A strong case may be made for further investigating cannabidiol based on three factors: clinical and preclinical evidence, the molecule’s myriad interactions with around 80 human receptors and pathways associated with pain, and established strategies for topical dosage form development.

Main Photo Caption: Physical therapist Erson Religioso III regularly uses topical analgesics, including those containing CBD, to help manage his clients’ pain. Photo: Erson Religioso III

Complementary Treatment

Individuals enter physical rehabilitation programs for conditions arising from injury, medical procedures, the consequences of lifestyle choices, the effects of normal aging, or some combination of “all of the above.” Many of these conditions involve the need for the relief of chronic or acute pain.¹  

Related: Pain Management Product Showcase

Rehabilitation utilizes a range of treatments including exercise to help improve strength, range of motion, function, and quality of life.
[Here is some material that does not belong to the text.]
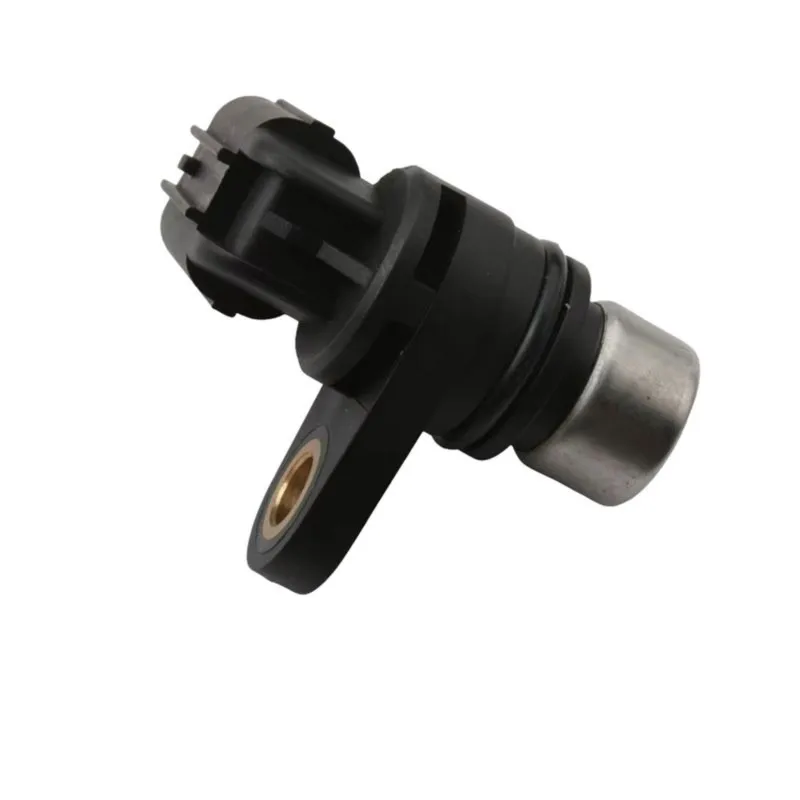 Super Sale 37700-K48-A01 Speed Sensor for Honda Vario110 Vario125 NC750 S ABS Africa Twin 1000 GL1800 37700K48A01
Many rehab clients also benefit from physical or mechanical modalities such as ultrasound², electrical stimulation³ including TENS (transcutaneous electrical neuromuscular stimulation⁴), joint mobilization⁵, heat or cold⁶, and whirlpool therapy⁷ to manage pain. In addition, manual therapy including joint and soft tissue manipulation, which loosen and address injured tissues, may be used in combination with other modalities to decrease pain, improve circulation, and decrease muscle tension.⁸ All of these can often be complemented by topical pain agents.  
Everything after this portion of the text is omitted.